“Operation Not Permitted” and the FAT-32 System

chown“, “chgrp“, “ln“, and “chmod“, behave oddly on fat-32, vfat, and ntfs file systems.  The “Operation not permitted” message may mean “This type of filesystem does not support that operation”.

Here’s the example:  I want to create a file and own the file.  I can’t seem to do it.

Step 1:  Confusion!  I don’t own the files I create!

chasm@chasm-blue-laptop:/big$ whoami
chasm
chasm@chasm-blue-laptop:/big$ date > today
chasm@chasm-blue-laptop:/big$ ls -la today
-rwxrwx— 1 root plugdev 29 2009-12-22 15:15 today

The created file, /big/today, is owned by user root, and group plugdev.  I can create, modify, and delete the file but I can’t seem to own it.  I had not heard of the plugdev group and Google is not helpful.   The plugdev group manages which users are allowed to use hot pluggable media and FAT-32 media.  Use ‘grep plugdev /etc/group’  to see who is in the plugdev group.

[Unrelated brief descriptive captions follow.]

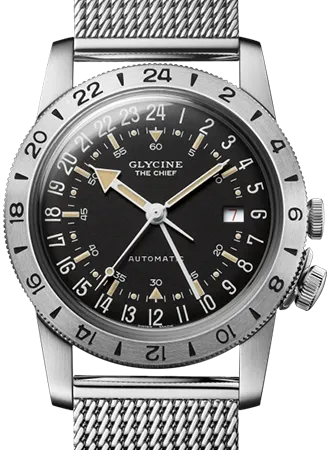 Airman ??The Chief?? GMT Black - Bracelet Ref. GL0464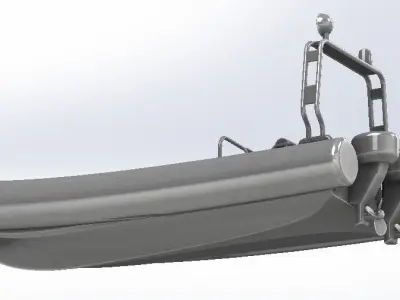 inflatable boat 3D model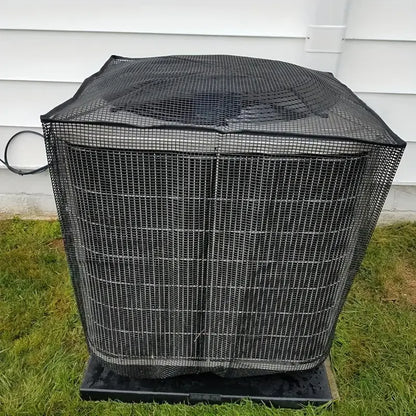 Durable Air Conditioner Cover, Full Mesh AC Protector, Heavy-Duty Outdoor Protection, All-Season Use, AC Covers, AC Covers for Outside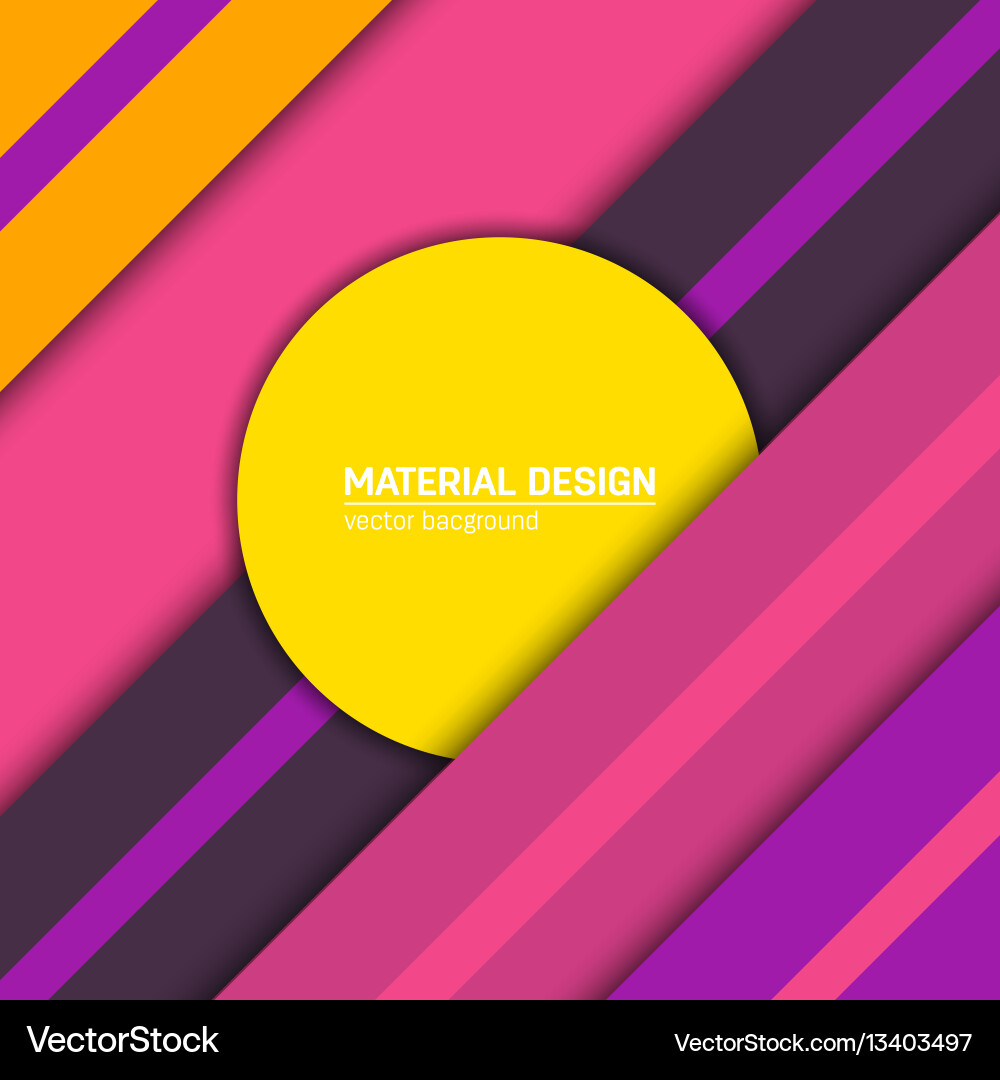 Material design background abstract Material design background abstract vector image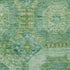 5' X 8' Emerald And Green Abstract Geometric Washable Area Rug With UV Protection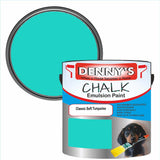 Denny's Chalk Paint For Furniture Colour- Classic Soft Turquoise - Matte Scuffproof Refresh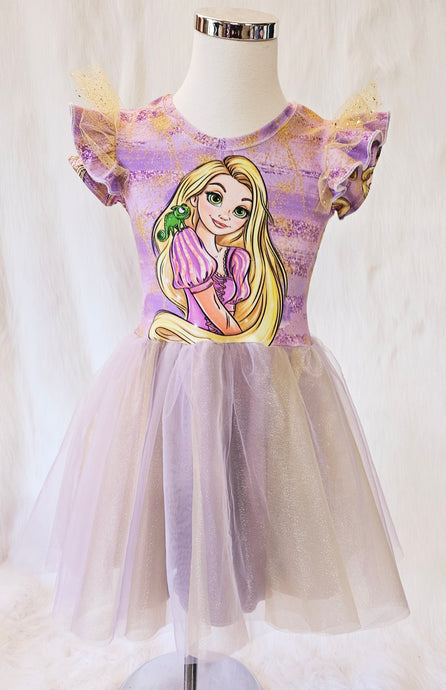 Rapunzel tulle dress
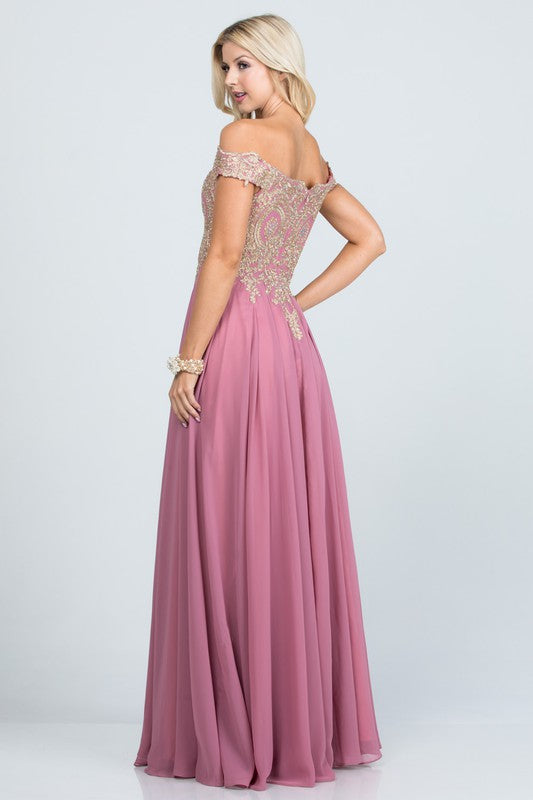 Plus Size Chiffon Gown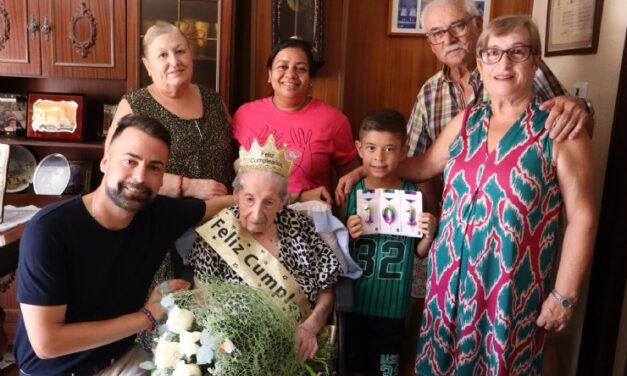 Francisca Rubio Vera más conocida como ‘Paquita’, cumple 101 años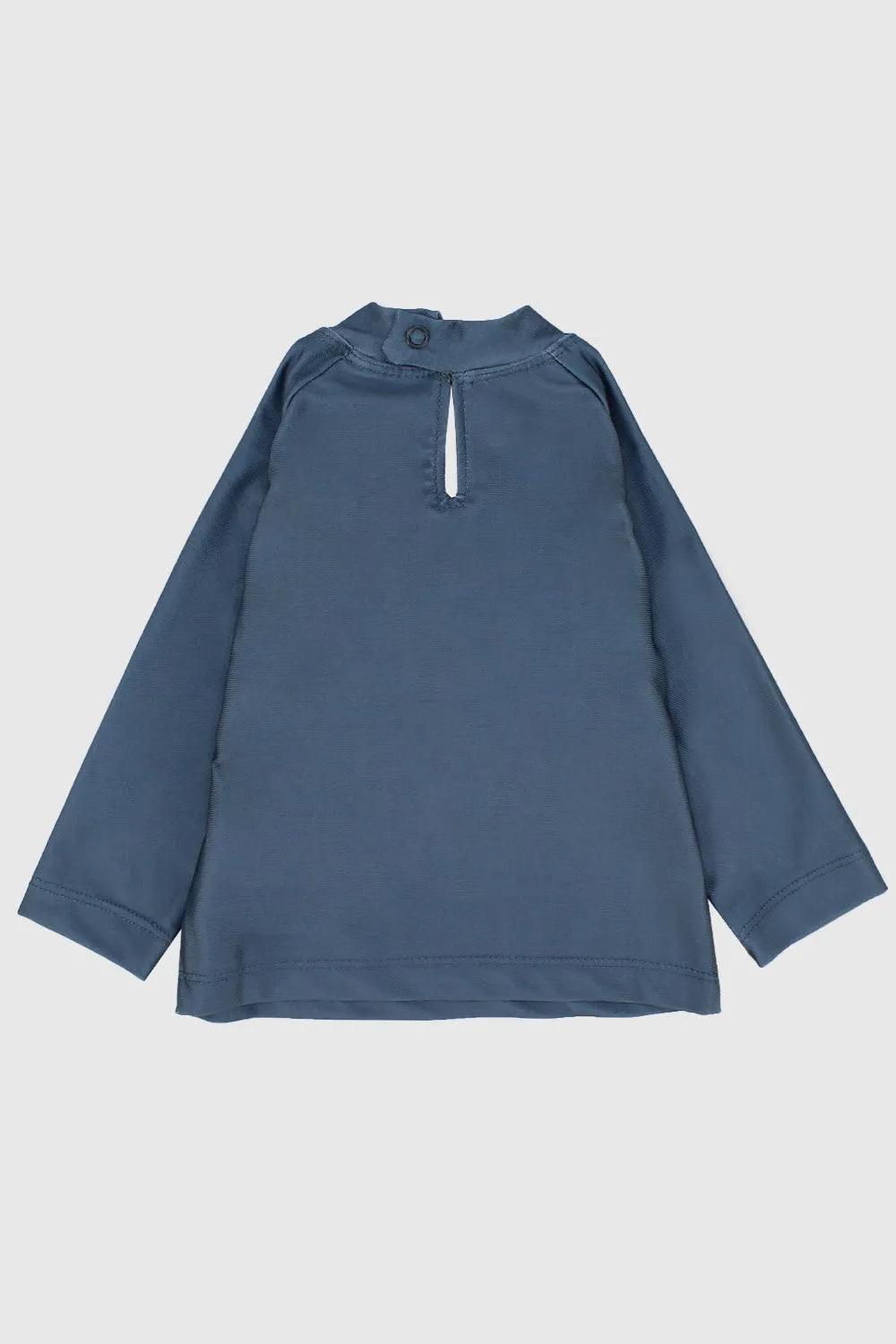 Grey Long-Sleeved Rash Guard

Step 2:  Failures and Bad Error Messages.

Even as root, I cannot change the owner, root, or permissions.

chasm@chasm-blue-laptop:/big$ ls -la today
-rwxrwx— 1 root plugdev 29 2009-12-22 15:27 today
chasm@chasm-blue-laptop:/big$ sudo chown chasm today
chown: changing ownership of `today’: Operation not permitted
chasm@chasm-blue-laptop:/big$ sudo chgrp chasm today
chgrp: changing group of `today’: Operation not permitted
chasm@chasm-blue-laptop:/big$ sudo chmod -x today
chasm@chasm-blue-laptop:/big$ ls -la today
-rwxrwx— 1 root plugdev 29 2009-12-22 15:27 today
chasm@chasm-blue-laptop:/big$ sudo ln -s today anotherday
ln: creating symbolic link `anotherday’: Operation not permitted

Note the problems with error messages:   “Operation not permitted” is not about user privileges, and chmod fails silently.  In this case, “Operation not permitted” means “The vffat filesystem does not support that operation”.

Step 3:  Enlightenment

The problem is that FAT-32 file systems do not have permissions, owners, and groups per se.   The entire file system is given one set of permissions at mount time, specified in the file /etc/fstab.  Let’s change it.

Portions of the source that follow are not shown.